***** Data section *****

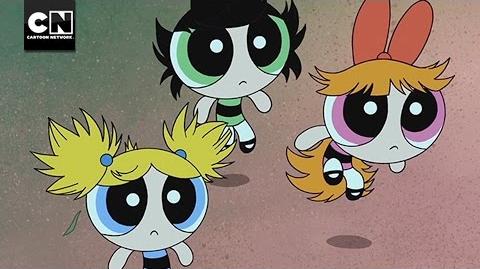 Mayor Mayday Powerpuff Girls Cartoon Network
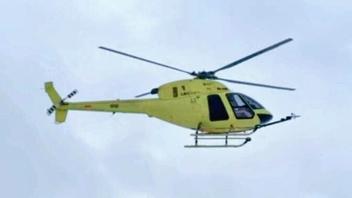 Лётные испытания вертолёта Ми-34М1 с двигателем ВК-650В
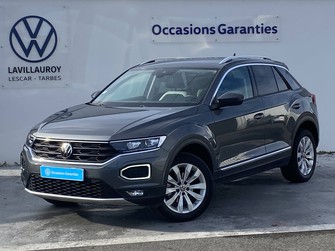 Photo Volkswagen T-Roc T-Roc 1.5 TSI 150 EVO Start/Stop DSG7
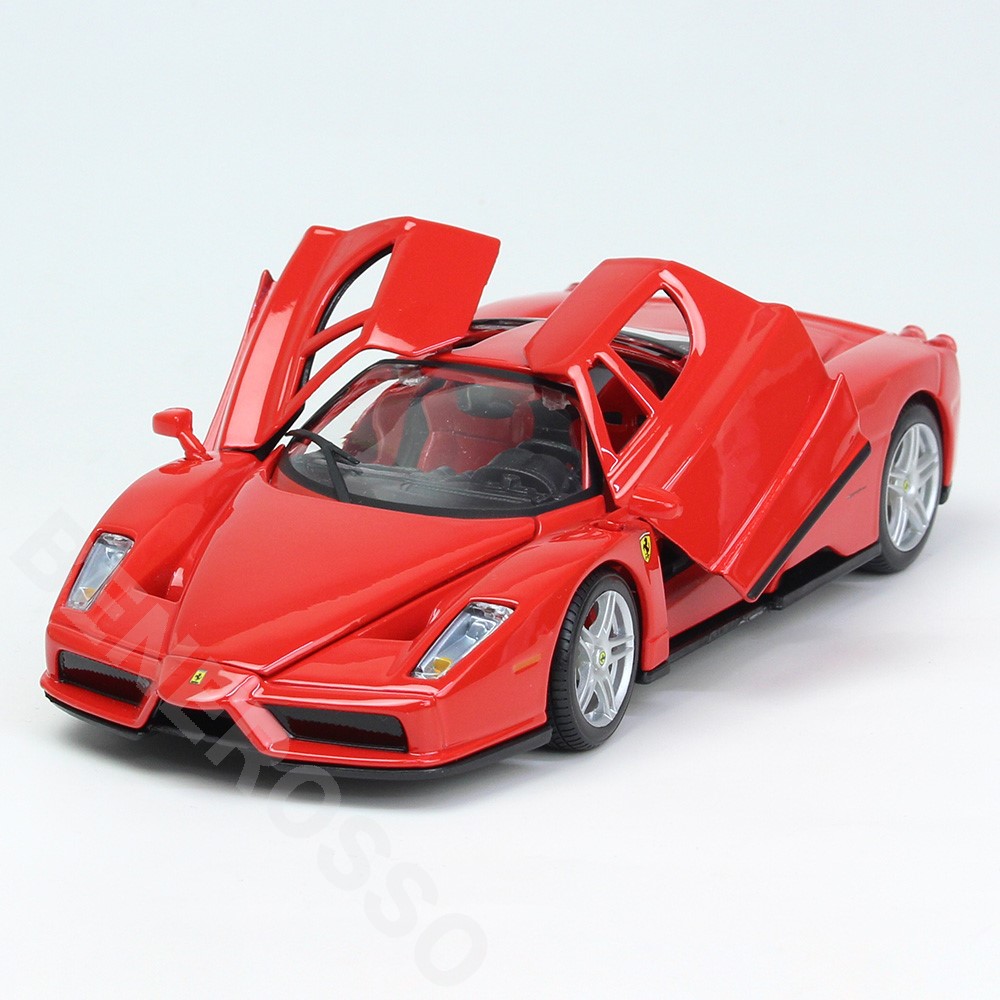 Bburago 1/24スケール フェラーリ エンツォ フェラーリ レッド 18-26006R2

*****

Task statement = Restate the data above exactly, stripping out each image.

Result for this task =
 Mayor Mayday Powerpuff Girls Cartoon Network
 Лётные испытания вертолёта Ми-34М1 с двигателем ВК-650В
 Photo Volkswagen T-Roc T-Roc 1.5 TSI 150 EVO Start/Stop DSG7
 Bburago 1/24スケール フェラーリ エンツォ フェラーリ レッド 18-26006R2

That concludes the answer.